<<<<

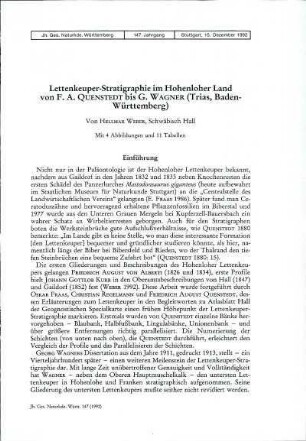Lettenkeuper-Stratigraphie im Hohenloher Land von F. A. QUENSTEDT bis G. WAGNER (Trias, Baden-Württemberg)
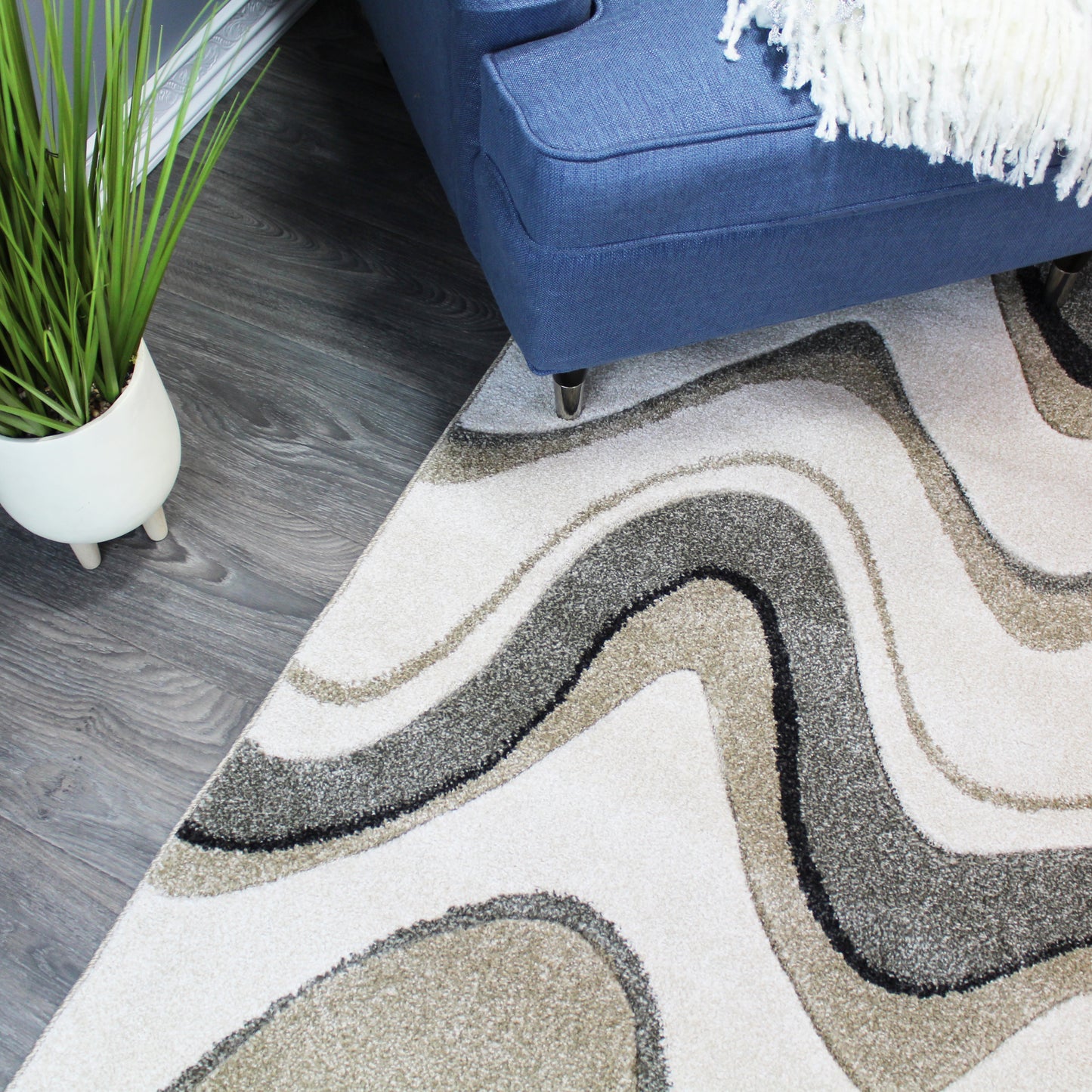 Natural Geo Jasmine Modern Wavy Abstract Ivory/Gray Area Rug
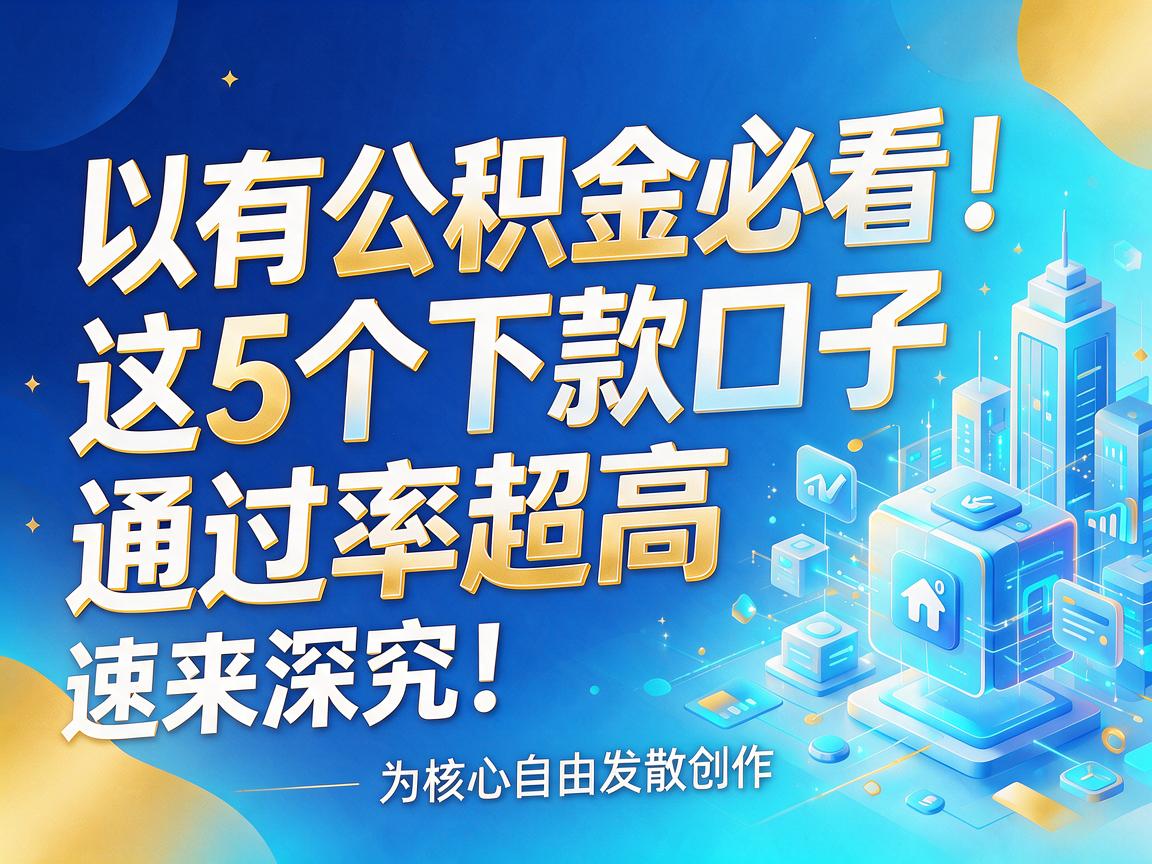 有公积金必看！这5个下款口子通过率超高，速来深究！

>>>>

_Your instructions_
Return the listing verbatim, pictures omitted.

_Exercise result_
Lettenkeuper-Stratigraphie im Hohenloher Land von F. A. QUENSTEDT bis G. WAGNER (Trias, Baden-Württemberg)
 Natural Geo Jasmine Modern Wavy Abstract Ivory/Gray Area Rug
 有公积金必看！这5个下款口子通过率超高，速来深究！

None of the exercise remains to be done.